The primary causes of uncertainty today result from the blocksize debate and the bubble cycle itself. The blocksize debate causes uncertainty because it is no longer obvious whether the industry will be able to expand. I, for example, see Bitcoin's only chance at survival resting on an unconditional hard fork to bigger blocks. If the User Activated Soft Fork or the SegWit 2x proposals wins, then Bitcoin will not have enough capacity, and Ethereum or Litecoin will lead, most likely permanently. (Oddly, as judged by the ridiculously low price of litecoins, few seem to recognize that Litecoin will still be more capable than Bitcoin if either of these two proposals is adopted.) Until at least August 1, we don't want to make any serious investments in infrastructure because we don't even know which algorithm will be the most profitable to mine.

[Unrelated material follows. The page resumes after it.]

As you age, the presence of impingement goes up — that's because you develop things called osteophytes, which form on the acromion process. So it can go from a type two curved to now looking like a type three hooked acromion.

On a longer term, if we're going to seek the half million dollars necessary for making a play at becoming the largest mining pool in the world, or to try to find a buyer for our trading software to create a seamless multi-currency wallet, then we had better be pretty certain that this industry is going to be a reputable sector with room to grow. I refuse to spend money while we are still dependent upon childish developers and blind CEOs who won't act upon the obvious fact that there is enormous suppressed demand for someone willing to take a stand and hard fork the Bitcoin blockchain to Unlimited-sized blocks on August 1. If you want to grow the sector and make huge profits for yourself (i.e. by allowing other businesses to become your customers), be brave and allow people like us to move forward by removing the primary contributor to uncertainty on one definite date. If you don't want to make money and would rather be "right," then feel free to support the user-activated soft fork and drive people away while they are even more uncertain that a chain reorganization will wipe out their life savings for years to come. Or, you can watch the 2MB blocks fill up the day after Segwit 2x is activated and continue fighting for years to come, with three, four, or more forks to show for it.

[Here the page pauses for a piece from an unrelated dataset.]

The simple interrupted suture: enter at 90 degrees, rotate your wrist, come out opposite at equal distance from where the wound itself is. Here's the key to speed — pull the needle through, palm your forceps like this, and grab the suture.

In the meantime, I continue to sell every bitcoin I earn, invest my profits into tech stocks, work the 30 hours a week I can to keep the current pool running smoothly, and wait. After all, I don't recall reading that Nvidia plans to limit the size of roads for its self-driving cars.

The bubble cycle itself is another source of uncertainty. It doesn't make sense for Poloniex to pay people to improve performance by 5x if the current capacity is sufficient for the baseline during the five years after the bubble. It is easy for companies to go bankrupt by overinvesting during good times and then having useless capacity later, and the exchange is better off crashing during periods of heavy volume. In the case of mining, it's difficult to argue that scrypt profitability isn't going to drop from the current 11 cents to at least its breakeven historical rate of 2 cents. In fact, it's likely profitability will be even worse than that, because there is a delay between ordering and bringing miners online, so hashrate will continue to increase with even more efficient miners coming online for some time during the crash, probably driving profitability to 0.5 cents or lower.

The current bubble is strange because it has lasted so much longer than previous bubbles, which increases the uncertainty even more. To me, the lengthy buildup seems to suggest that the fall will be even more lengthy. I'm surprised how many people I talk to seem to have forgotten what it was like in 2014. Imagine if the next down cycle lasts five or even six years, rather than three, and it takes two years just to reach the bottom. This is why it's necessary to be prepared, exercise caution, and not overinvest.

In conclusion, the difficulties customers are experiencing with cryptocurrency businesses are a direct result of uncertainty. The uncertainty is caused primarily by the blocksize debate. Software improvements are available to improve capacity issues, but businesses are making rational decisions to limit investment until Bitcoin's blocksize debate is permanently resolved, or until Bitcoin fails and another currency ascends due to not resolving it. When you try to buy bitcoins and the your exchange is down, it's because they didn't spend the money necessary to handle the surges they know will happen. The industry is in a holding pattern, with cash sitting on the sidelines and investors (smartly) unwilling to move forward until they can see if cryptocurrency will be permitted to expand. By holding out, they can expand into other sectors instead of bitcoin should the blocksize debate roll on.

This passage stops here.